*TASK TO COMPLETE*: Beginning with the first line of the data below, extract each line up to and including the one containing "Dental Implant Prosthetics, 2nd Edition". Copy them exactly and add nothing.

- - -

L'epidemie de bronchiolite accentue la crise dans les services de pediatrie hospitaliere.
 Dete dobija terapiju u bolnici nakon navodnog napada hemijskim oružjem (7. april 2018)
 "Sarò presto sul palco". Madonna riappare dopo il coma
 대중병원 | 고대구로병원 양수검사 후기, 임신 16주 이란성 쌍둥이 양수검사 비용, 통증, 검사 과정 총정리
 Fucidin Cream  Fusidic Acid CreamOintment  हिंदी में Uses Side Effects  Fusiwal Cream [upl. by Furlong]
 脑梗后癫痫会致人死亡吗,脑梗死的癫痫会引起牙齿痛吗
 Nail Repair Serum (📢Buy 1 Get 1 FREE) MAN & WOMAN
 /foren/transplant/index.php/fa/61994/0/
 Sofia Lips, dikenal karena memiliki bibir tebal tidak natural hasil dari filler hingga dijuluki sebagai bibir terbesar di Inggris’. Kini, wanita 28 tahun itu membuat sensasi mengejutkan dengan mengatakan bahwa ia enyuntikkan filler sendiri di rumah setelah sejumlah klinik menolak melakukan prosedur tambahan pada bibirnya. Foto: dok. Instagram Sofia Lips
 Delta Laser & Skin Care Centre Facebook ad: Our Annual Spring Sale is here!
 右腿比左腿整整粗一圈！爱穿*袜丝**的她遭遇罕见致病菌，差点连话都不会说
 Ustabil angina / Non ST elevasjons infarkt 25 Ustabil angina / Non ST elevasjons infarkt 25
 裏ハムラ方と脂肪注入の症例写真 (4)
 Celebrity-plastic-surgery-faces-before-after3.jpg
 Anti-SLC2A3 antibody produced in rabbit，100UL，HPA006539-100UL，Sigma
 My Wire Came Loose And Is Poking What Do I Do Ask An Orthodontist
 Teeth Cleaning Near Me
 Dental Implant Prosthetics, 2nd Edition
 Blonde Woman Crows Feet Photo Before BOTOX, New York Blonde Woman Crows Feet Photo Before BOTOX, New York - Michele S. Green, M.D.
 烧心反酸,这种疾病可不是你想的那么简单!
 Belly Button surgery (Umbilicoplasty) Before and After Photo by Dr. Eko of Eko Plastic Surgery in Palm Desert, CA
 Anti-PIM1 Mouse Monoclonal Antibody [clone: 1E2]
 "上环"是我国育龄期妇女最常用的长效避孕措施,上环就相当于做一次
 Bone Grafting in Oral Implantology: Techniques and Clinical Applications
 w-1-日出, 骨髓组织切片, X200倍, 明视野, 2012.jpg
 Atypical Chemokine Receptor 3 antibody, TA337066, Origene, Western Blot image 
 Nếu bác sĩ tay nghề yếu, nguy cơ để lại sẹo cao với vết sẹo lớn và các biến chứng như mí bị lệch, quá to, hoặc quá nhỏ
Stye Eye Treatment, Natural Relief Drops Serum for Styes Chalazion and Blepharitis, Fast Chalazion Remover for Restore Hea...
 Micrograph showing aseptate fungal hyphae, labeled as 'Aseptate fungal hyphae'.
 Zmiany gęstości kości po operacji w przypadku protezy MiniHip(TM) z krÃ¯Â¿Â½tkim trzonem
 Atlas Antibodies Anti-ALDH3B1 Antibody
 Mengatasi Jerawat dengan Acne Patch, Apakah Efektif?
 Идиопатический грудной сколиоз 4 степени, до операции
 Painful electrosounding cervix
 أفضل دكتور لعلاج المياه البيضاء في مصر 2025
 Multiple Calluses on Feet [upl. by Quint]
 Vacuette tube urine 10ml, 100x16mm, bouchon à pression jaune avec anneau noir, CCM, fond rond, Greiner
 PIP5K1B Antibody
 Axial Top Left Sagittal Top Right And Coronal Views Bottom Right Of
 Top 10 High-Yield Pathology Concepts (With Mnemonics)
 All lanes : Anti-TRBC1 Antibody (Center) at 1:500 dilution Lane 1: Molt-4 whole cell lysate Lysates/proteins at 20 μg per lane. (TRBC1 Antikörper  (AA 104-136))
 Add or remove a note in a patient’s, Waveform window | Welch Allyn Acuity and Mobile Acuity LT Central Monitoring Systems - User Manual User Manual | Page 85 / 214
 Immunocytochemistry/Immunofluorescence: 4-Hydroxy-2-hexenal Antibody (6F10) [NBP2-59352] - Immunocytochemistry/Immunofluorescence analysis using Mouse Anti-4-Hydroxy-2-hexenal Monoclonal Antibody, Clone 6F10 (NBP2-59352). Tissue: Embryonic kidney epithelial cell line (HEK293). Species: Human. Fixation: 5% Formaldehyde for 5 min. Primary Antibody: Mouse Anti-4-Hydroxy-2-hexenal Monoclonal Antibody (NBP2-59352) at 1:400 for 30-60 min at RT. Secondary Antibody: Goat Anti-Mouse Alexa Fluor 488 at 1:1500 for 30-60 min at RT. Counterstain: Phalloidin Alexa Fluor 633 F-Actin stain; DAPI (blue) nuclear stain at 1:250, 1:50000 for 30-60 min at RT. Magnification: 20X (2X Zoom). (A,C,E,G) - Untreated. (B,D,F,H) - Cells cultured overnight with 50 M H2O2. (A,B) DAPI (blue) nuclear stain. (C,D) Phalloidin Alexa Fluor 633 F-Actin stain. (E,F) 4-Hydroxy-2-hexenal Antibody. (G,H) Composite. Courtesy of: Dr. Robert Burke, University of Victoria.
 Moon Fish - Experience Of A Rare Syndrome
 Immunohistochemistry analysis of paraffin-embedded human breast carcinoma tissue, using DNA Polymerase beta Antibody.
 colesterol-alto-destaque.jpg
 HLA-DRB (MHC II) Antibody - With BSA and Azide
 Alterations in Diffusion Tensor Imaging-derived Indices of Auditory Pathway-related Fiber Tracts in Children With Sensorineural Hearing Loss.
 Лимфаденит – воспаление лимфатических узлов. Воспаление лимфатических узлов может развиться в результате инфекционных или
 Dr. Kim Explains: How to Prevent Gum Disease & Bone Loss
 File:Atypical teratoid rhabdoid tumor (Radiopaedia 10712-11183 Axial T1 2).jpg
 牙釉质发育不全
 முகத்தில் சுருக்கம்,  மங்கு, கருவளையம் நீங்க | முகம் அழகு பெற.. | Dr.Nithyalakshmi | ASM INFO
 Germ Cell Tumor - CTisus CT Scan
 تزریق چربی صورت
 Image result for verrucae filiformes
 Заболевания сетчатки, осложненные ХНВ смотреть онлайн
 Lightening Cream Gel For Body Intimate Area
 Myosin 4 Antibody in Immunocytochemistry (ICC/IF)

- - -

*FINISHED TASK*:
L'epidemie de bronchiolite accentue la crise dans les services de pediatrie hospitaliere.
 Dete dobija terapiju u bolnici nakon navodnog napada hemijskim oružjem (7. april 2018)
 "Sarò presto sul palco". Madonna riappare dopo il coma
 대중병원 | 고대구로병원 양수검사 후기, 임신 16주 이란성 쌍둥이 양수검사 비용, 통증, 검사 과정 총정리
 Fucidin Cream  Fusidic Acid CreamOintment  हिंदी में Uses Side Effects  Fusiwal Cream [upl. by Furlong]
 脑梗后癫痫会致人死亡吗,脑梗死的癫痫会引起牙齿痛吗
 Nail Repair Serum (📢Buy 1 Get 1 FREE) MAN & WOMAN
 /foren/transplant/index.php/fa/61994/0/
 Sofia Lips, dikenal karena memiliki bibir tebal tidak natural hasil dari filler hingga dijuluki sebagai bibir terbesar di Inggris’. Kini, wanita 28 tahun itu membuat sensasi mengejutkan dengan mengatakan bahwa ia enyuntikkan filler sendiri di rumah setelah sejumlah klinik menolak melakukan prosedur tambahan pada bibirnya. Foto: dok. Instagram Sofia Lips
 Delta Laser & Skin Care Centre Facebook ad: Our Annual Spring Sale is here!
 右腿比左腿整整粗一圈！爱穿*袜丝**的她遭遇罕见致病菌，差点连话都不会说
 Ustabil angina / Non ST elevasjons infarkt 25 Ustabil angina / Non ST elevasjons infarkt 25
 裏ハムラ方と脂肪注入の症例写真 (4)
 Celebrity-plastic-surgery-faces-before-after3.jpg
 Anti-SLC2A3 antibody produced in rabbit，100UL，HPA006539-100UL，Sigma
 My Wire Came Loose And Is Poking What Do I Do Ask An Orthodontist
 Teeth Cleaning Near Me
 Dental Implant Prosthetics, 2nd Edition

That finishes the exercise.